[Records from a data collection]

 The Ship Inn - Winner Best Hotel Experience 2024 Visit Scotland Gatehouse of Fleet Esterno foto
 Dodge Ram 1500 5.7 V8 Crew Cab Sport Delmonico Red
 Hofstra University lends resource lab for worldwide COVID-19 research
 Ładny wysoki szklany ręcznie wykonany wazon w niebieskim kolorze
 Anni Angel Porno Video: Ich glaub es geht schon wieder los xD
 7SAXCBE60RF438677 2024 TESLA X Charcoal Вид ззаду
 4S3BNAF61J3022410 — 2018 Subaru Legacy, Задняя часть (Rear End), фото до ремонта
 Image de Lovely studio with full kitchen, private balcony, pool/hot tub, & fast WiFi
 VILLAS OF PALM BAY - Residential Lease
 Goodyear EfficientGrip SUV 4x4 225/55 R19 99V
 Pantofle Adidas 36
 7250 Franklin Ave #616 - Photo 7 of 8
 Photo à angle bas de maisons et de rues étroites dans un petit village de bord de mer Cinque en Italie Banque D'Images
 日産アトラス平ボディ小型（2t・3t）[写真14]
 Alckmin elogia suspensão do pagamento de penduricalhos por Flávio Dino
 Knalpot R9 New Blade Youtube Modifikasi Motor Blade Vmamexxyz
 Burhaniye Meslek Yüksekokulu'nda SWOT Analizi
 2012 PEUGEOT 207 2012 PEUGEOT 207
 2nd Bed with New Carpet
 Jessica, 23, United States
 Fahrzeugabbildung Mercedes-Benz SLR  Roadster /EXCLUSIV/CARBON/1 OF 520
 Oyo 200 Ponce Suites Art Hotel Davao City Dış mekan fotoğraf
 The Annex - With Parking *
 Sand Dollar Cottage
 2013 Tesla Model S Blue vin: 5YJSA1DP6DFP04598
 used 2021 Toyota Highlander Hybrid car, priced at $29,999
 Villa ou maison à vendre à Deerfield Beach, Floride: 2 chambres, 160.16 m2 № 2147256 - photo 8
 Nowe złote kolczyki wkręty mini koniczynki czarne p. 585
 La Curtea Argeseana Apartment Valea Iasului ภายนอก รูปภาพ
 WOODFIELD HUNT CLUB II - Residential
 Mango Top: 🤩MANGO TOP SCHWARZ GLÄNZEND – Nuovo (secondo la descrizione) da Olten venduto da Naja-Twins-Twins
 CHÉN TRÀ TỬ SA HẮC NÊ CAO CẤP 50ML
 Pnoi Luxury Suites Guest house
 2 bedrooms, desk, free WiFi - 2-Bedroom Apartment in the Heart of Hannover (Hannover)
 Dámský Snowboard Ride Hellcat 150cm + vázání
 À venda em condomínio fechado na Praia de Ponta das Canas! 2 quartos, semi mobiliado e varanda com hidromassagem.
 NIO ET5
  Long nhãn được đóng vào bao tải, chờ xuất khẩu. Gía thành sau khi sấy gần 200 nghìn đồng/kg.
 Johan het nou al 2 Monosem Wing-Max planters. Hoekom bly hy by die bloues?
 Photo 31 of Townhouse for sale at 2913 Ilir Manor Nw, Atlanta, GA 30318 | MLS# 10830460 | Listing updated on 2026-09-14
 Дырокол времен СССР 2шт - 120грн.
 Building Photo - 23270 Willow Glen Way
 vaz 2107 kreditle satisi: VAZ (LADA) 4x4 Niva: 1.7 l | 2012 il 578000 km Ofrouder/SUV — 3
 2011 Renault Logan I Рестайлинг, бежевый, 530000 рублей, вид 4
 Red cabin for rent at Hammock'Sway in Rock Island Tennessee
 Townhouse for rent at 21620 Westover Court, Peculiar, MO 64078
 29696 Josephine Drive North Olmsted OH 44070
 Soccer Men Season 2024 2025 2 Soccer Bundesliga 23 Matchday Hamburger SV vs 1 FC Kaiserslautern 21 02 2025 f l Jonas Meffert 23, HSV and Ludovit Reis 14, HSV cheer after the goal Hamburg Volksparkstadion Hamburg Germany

• **Prompt**: Every line above from the line with "Photo à angle" to the line with "Nowe złote kolczyki", inclusive, must be returned exactly; no other line belongs in the reply.

• **Exercise response**:
 Photo à angle bas de maisons et de rues étroites dans un petit village de bord de mer Cinque en Italie Banque D'Images
 日産アトラス平ボディ小型（2t・3t）[写真14]
 Alckmin elogia suspensão do pagamento de penduricalhos por Flávio Dino
 Knalpot R9 New Blade Youtube Modifikasi Motor Blade Vmamexxyz
 Burhaniye Meslek Yüksekokulu'nda SWOT Analizi
 2012 PEUGEOT 207 2012 PEUGEOT 207
 2nd Bed with New Carpet
 Jessica, 23, United States
 Fahrzeugabbildung Mercedes-Benz SLR  Roadster /EXCLUSIV/CARBON/1 OF 520
 Oyo 200 Ponce Suites Art Hotel Davao City Dış mekan fotoğraf
 The Annex - With Parking *
 Sand Dollar Cottage
 2013 Tesla Model S Blue vin: 5YJSA1DP6DFP04598
 used 2021 Toyota Highlander Hybrid car, priced at $29,999
 Villa ou maison à vendre à Deerfield Beach, Floride: 2 chambres, 160.16 m2 № 2147256 - photo 8
 Nowe złote kolczyki wkręty mini koniczynki czarne p. 585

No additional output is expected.